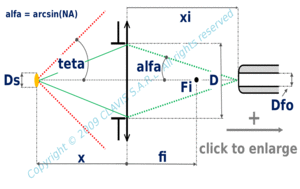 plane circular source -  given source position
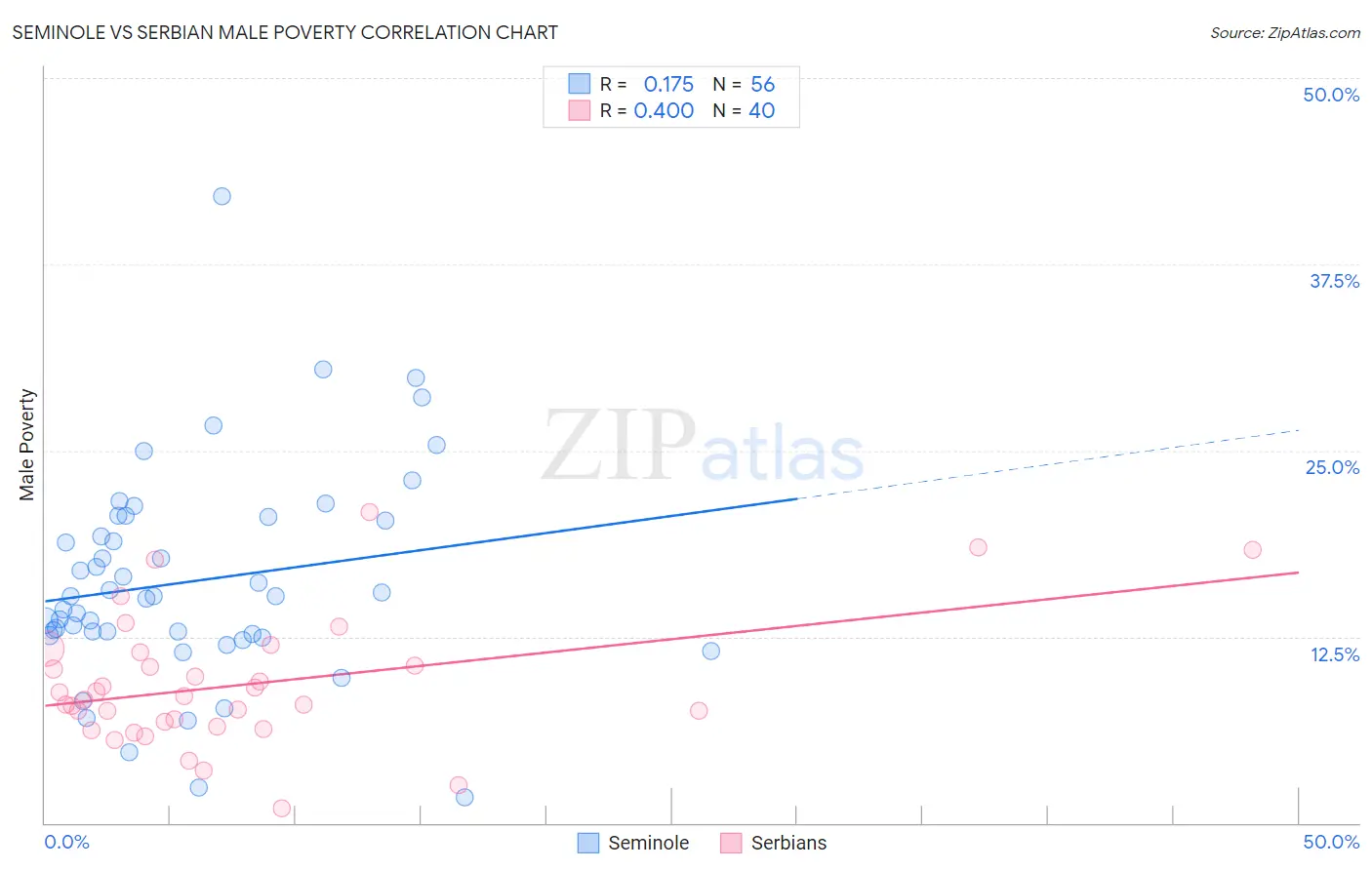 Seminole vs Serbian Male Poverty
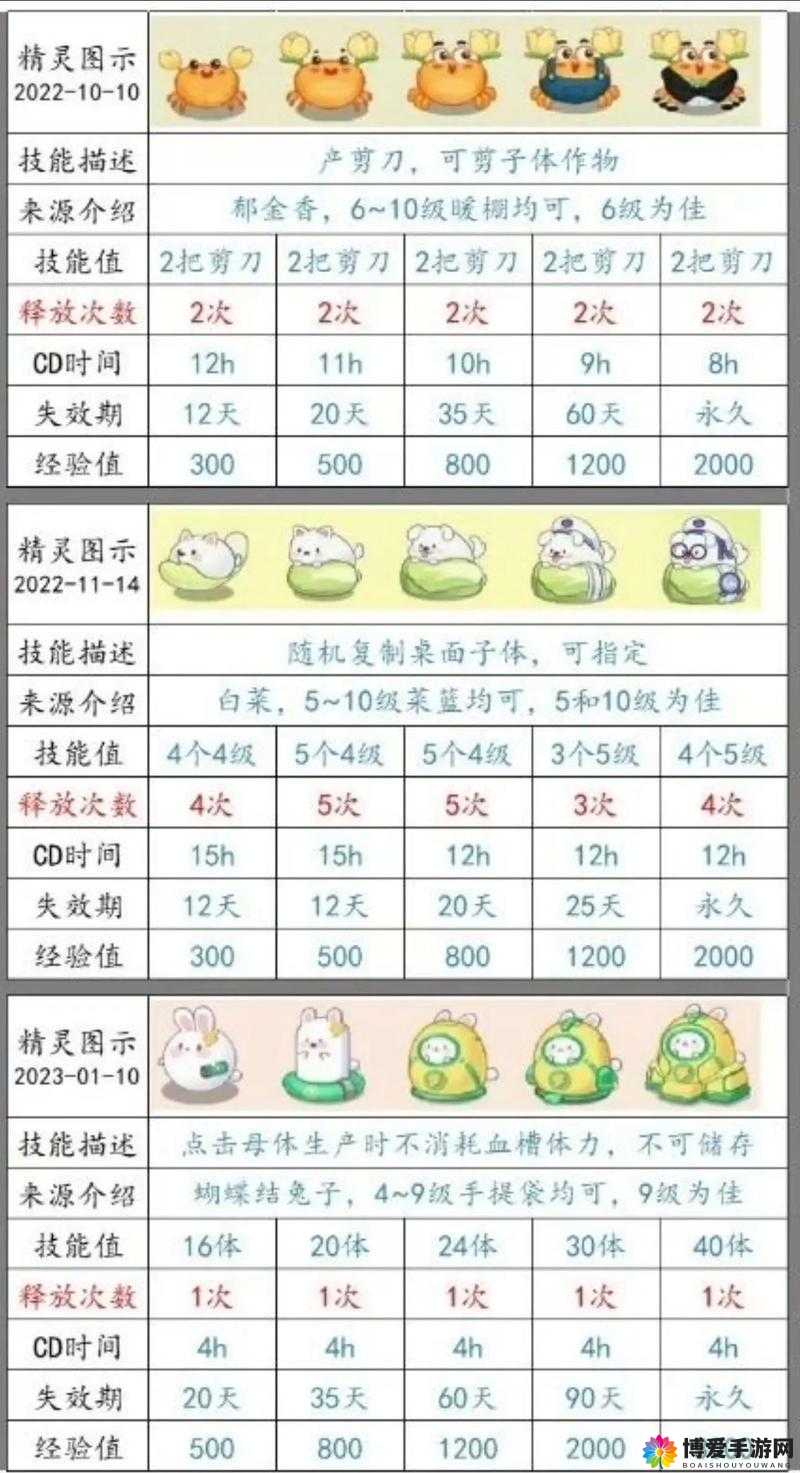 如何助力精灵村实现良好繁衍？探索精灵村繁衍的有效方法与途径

→ **What the exercise asks**
Using the listing above, copy every line from the line containing "Seminole vs Serbian Male Poverty" through the last one, both included, and no other lines. Pictures stay out.

→ **The completed task**
 Seminole vs Serbian Male Poverty
 如何助力精灵村实现良好繁衍？探索精灵村繁衍的有效方法与途径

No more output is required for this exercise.